▶ **Exercise requirements**
Please restate the data that follows word for word, with the pictures left out.

▶ **Material provided**
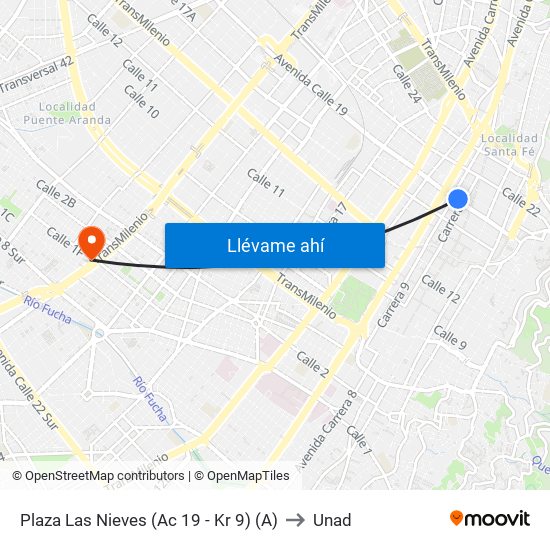 Plaza Las Nieves (Ac 19 - Kr 9) (A) to Unad map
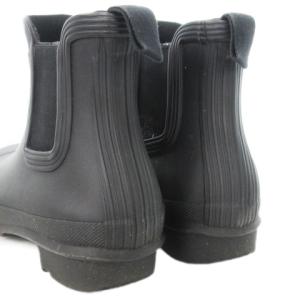 HUNTER オリジナル チェルシーブーツ ショートブーツ レインブーツ サイドゴア ロゴ 5 24cm 黒 ブラック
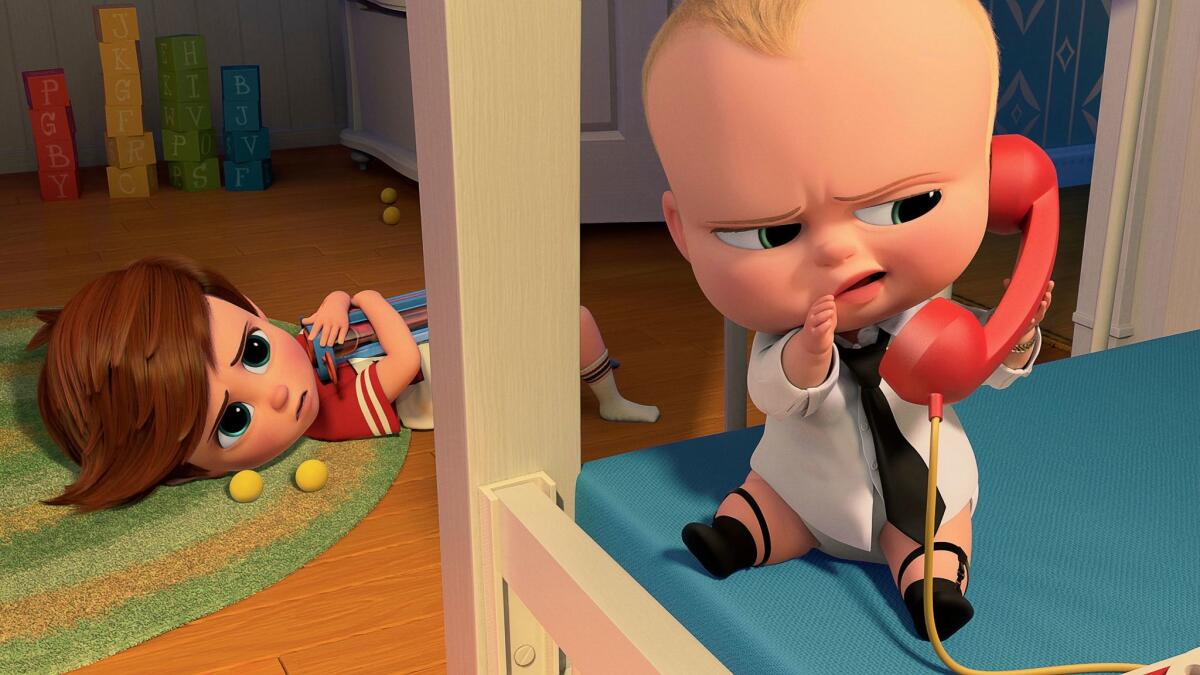 Tim, voiced by Miles Bakshi, and Boss Baby, voiced by Alec Baldwin, in a scene from Fox and DreamWorks Animation's new film.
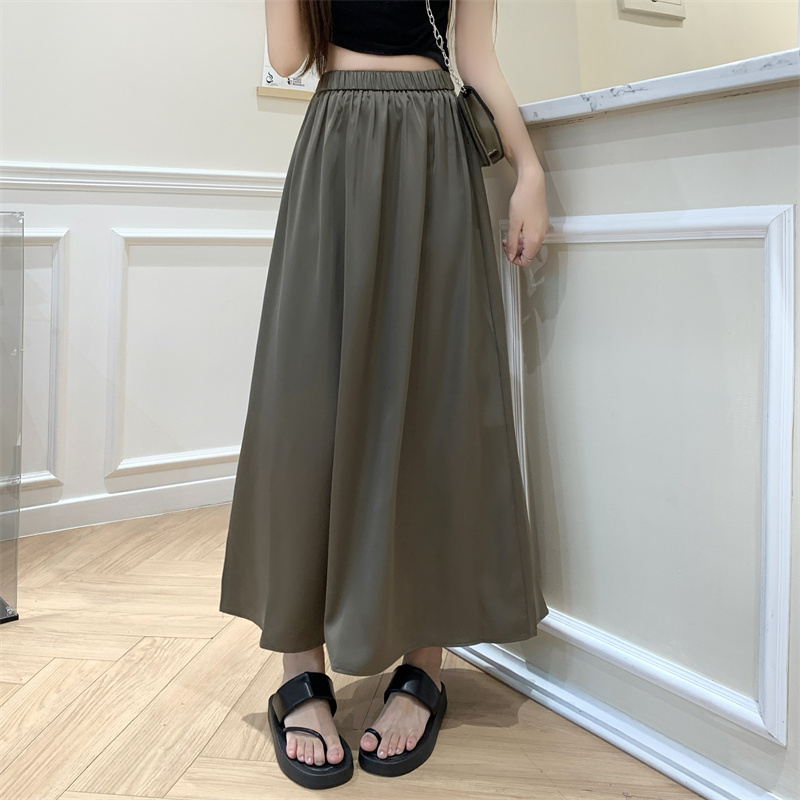 Real photo of acetic acid skirt high-end summer new draped French long A-line skirt satin midi skirt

▶ **Solved exercise**
 Plaza Las Nieves (Ac 19 - Kr 9) (A) to Unad map
 HUNTER オリジナル チェルシーブーツ ショートブーツ レインブーツ サイドゴア ロゴ 5 24cm 黒 ブラック
 Tim, voiced by Miles Bakshi, and Boss Baby, voiced by Alec Baldwin, in a scene from Fox and DreamWorks Animation's new film.
 Real photo of acetic acid skirt high-end summer new draped French long A-line skirt satin midi skirt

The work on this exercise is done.